» **PROBLEM DETAILS**
Please set down exactly the lines from the one containing "New 2026 Ford" through the last line of the records below, both included, with no pictures.

***

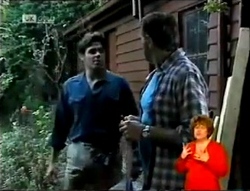 Andrew MacKenzie, Doug Willis in Neighbours Episode 2146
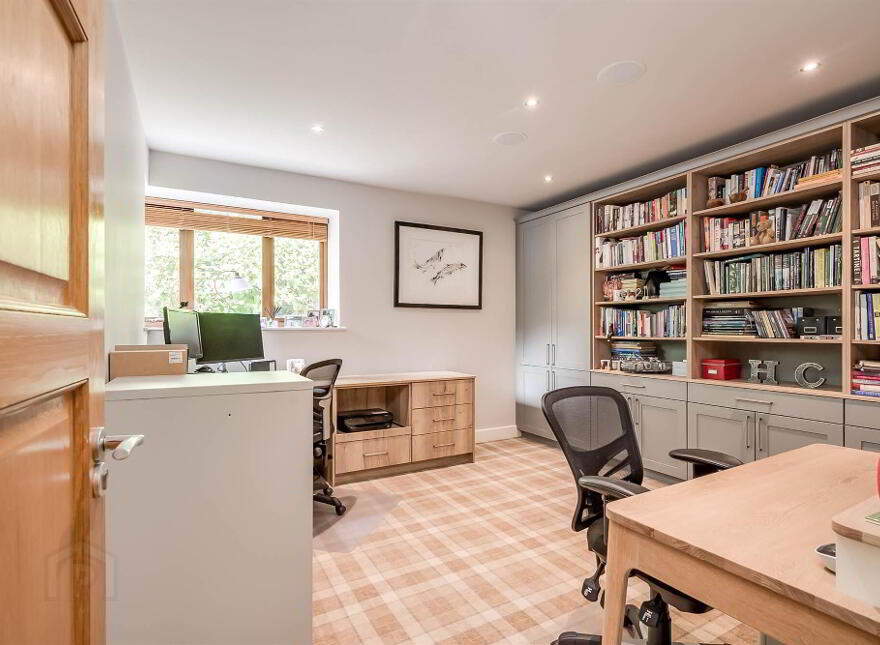 'The Well House', 21 Fort Road, Ballylesson, Drumbo, Belfast, BT8 8LX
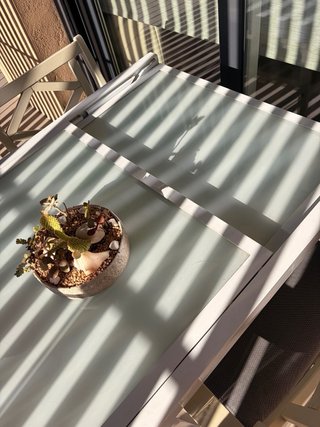Mesa de aluminio y cristal templado extensible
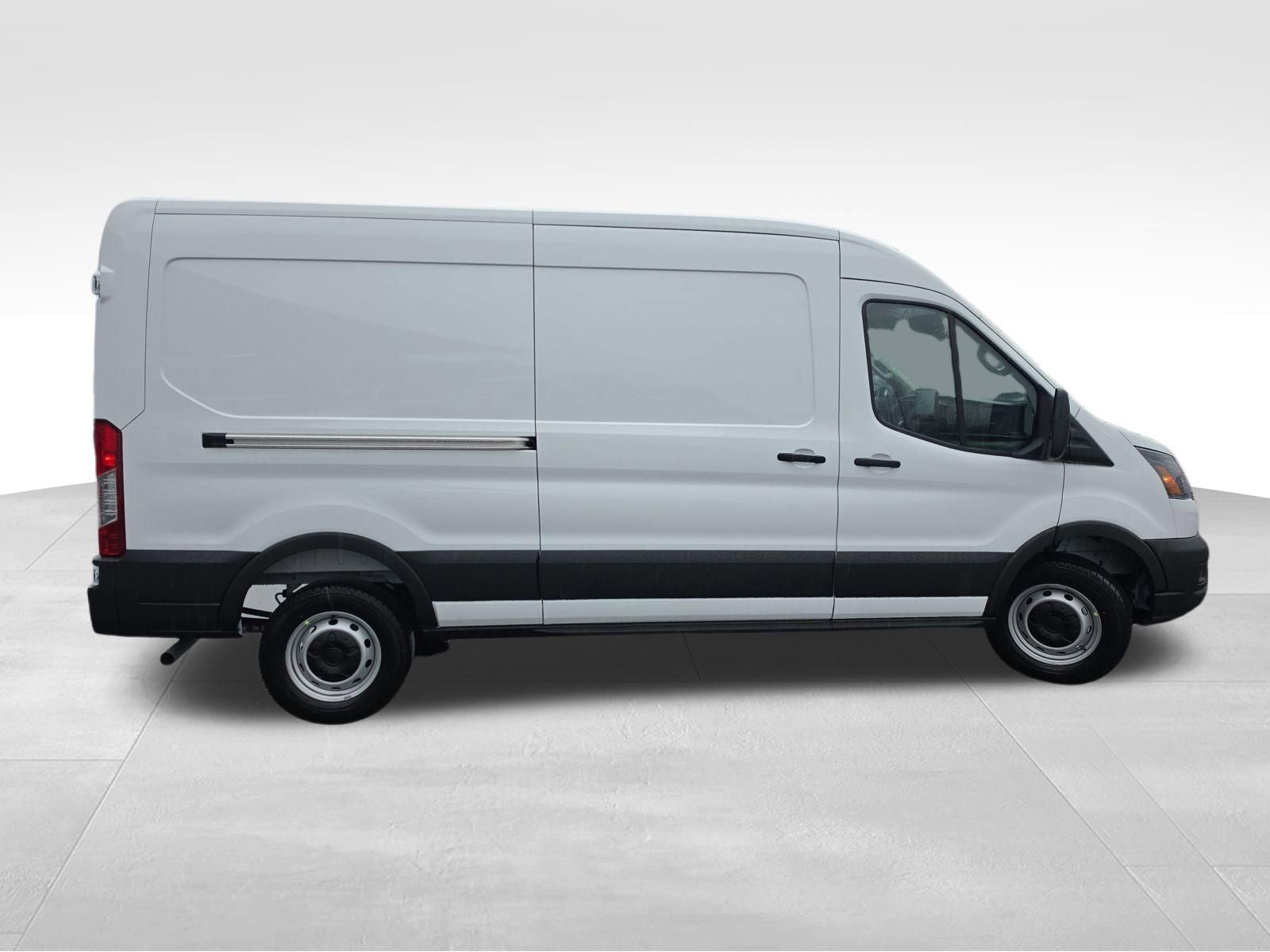 New 2026 Ford Transit 250 148 Medium Roof w/ Load Area Protection Package RWD image 8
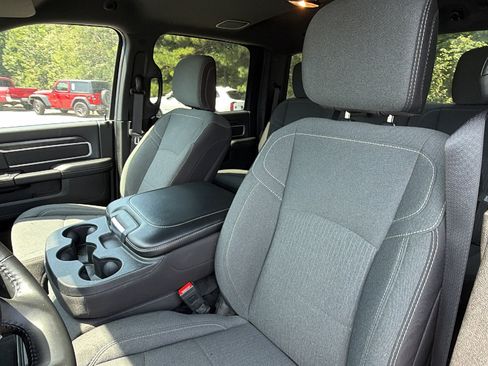 Used 2024 RAM 2500 Big Horn w/ Sport Appearance Package AWD/4WD image 17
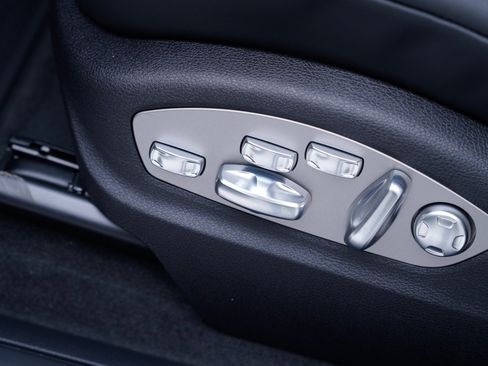 Certified 2026 Porsche Macan AWD/4WD image 15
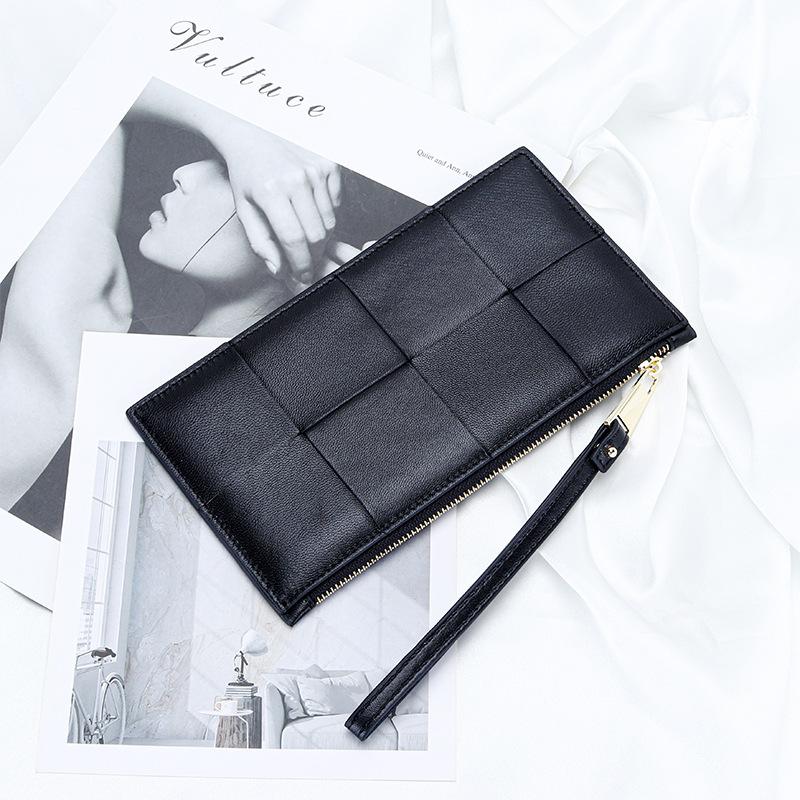 Leather clutch wallet women s 2025 new fashion woven long zipper wallet sheepskin portable grab bag чёрный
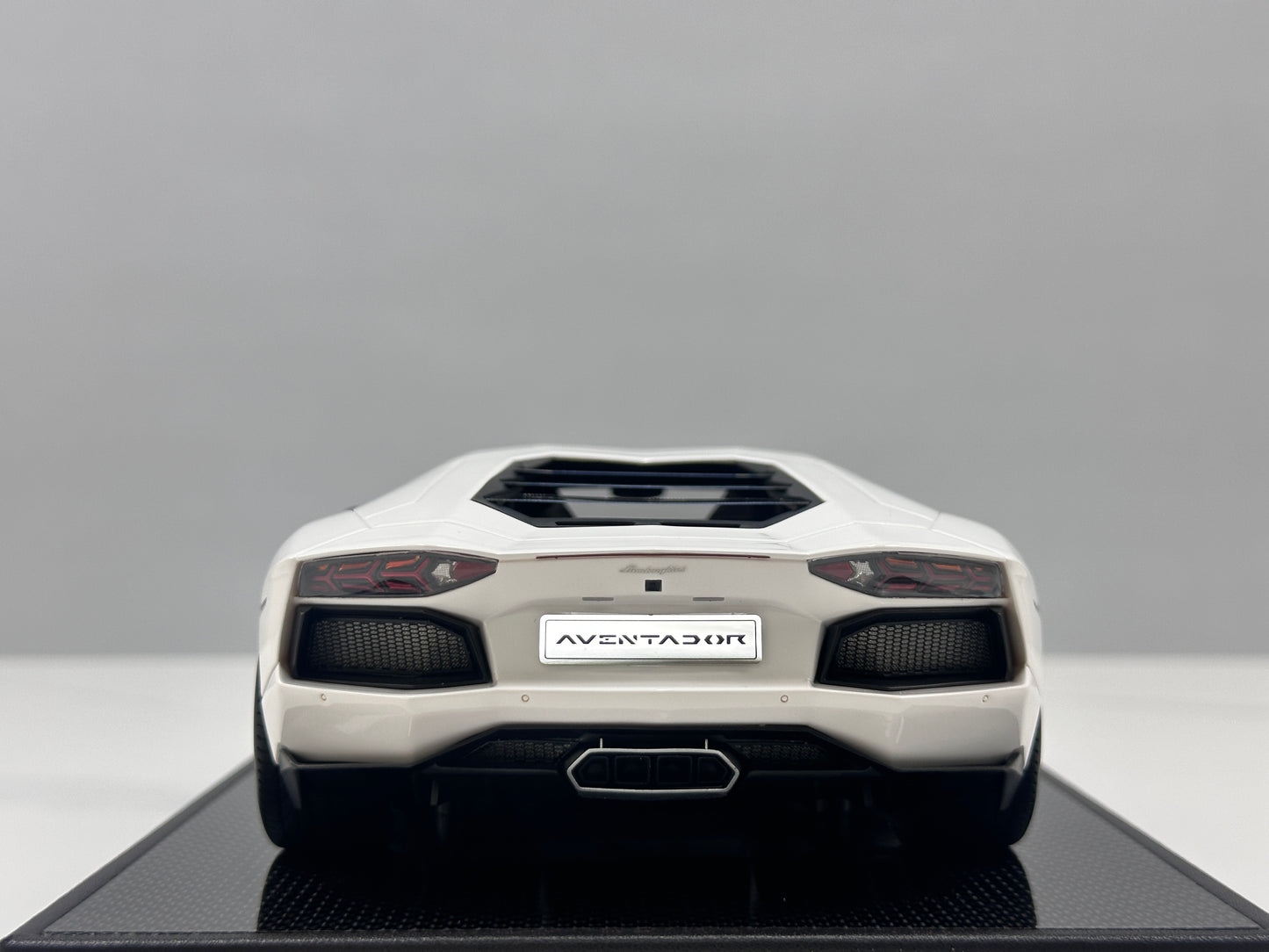 VMB 1/18 Lamborghini Aventador LP700-4 White VMB065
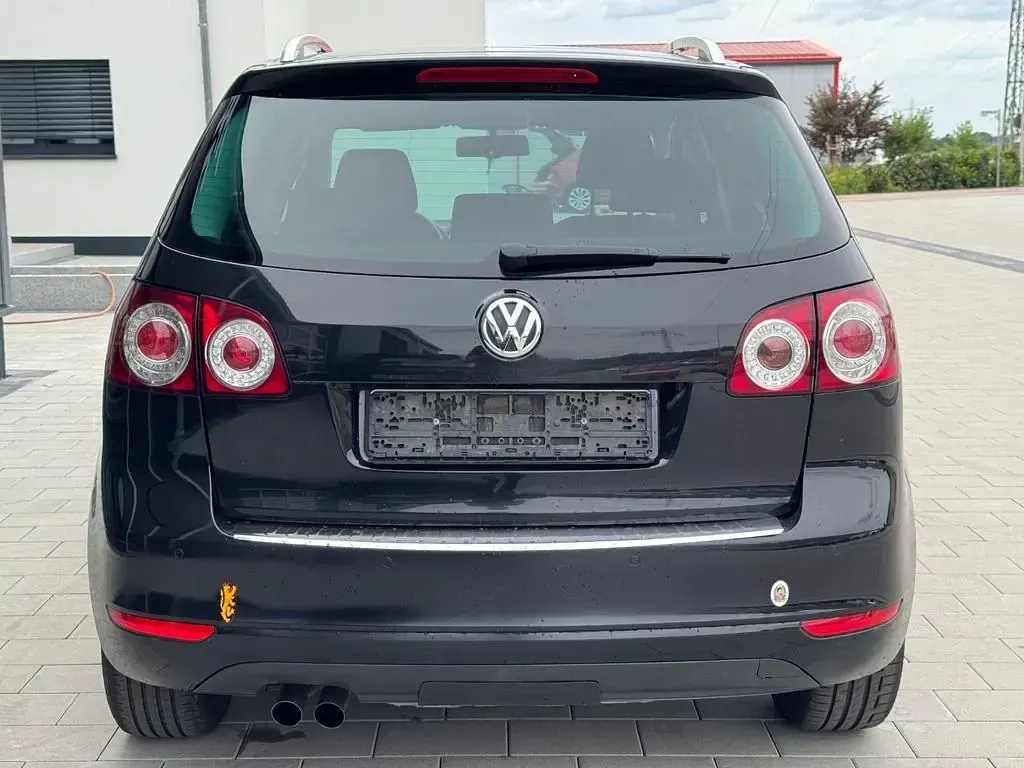 Gebraucht VW Golf Plus Cross Team 122 PS (89 kW) 2011 Schwarz Limousine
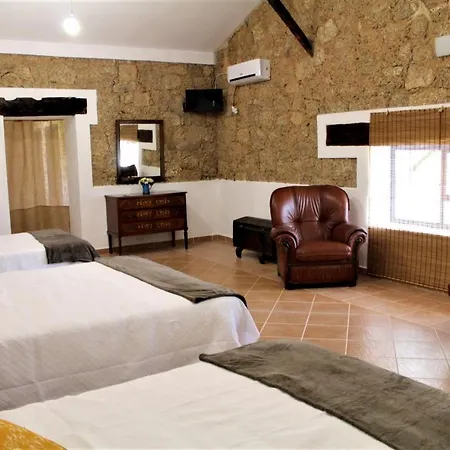 Villa With 3 Bedrooms In Castelo Branco With Private Pool Enclosed Garden And Wifi Vila Castelo Branco (Centro)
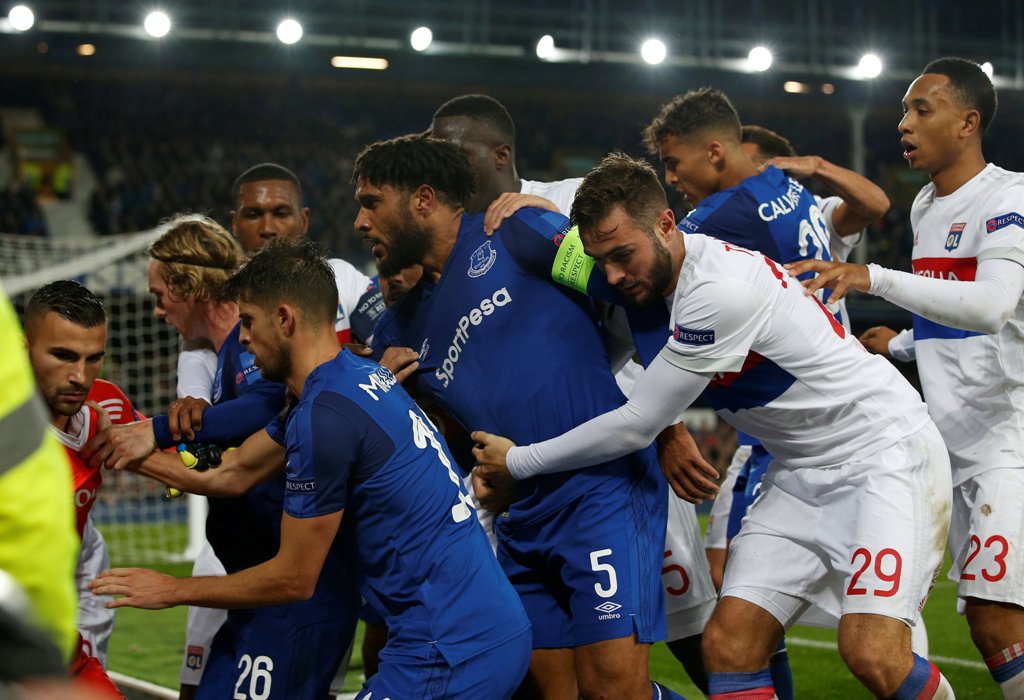Pelea entre jugadores del Everton y el Lyon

***

» **ANSWER FOR THIS EXERCISE**
 New 2026 Ford Transit 250 148 Medium Roof w/ Load Area Protection Package RWD image 8
 Used 2024 RAM 2500 Big Horn w/ Sport Appearance Package AWD/4WD image 17
 Certified 2026 Porsche Macan AWD/4WD image 15
 Leather clutch wallet women s 2025 new fashion woven long zipper wallet sheepskin portable grab bag чёрный
 VMB 1/18 Lamborghini Aventador LP700-4 White VMB065
 Gebraucht VW Golf Plus Cross Team 122 PS (89 kW) 2011 Schwarz Limousine
 Villa With 3 Bedrooms In Castelo Branco With Private Pool Enclosed Garden And Wifi Vila Castelo Branco (Centro)
Pelea entre jugadores del Everton y el Lyon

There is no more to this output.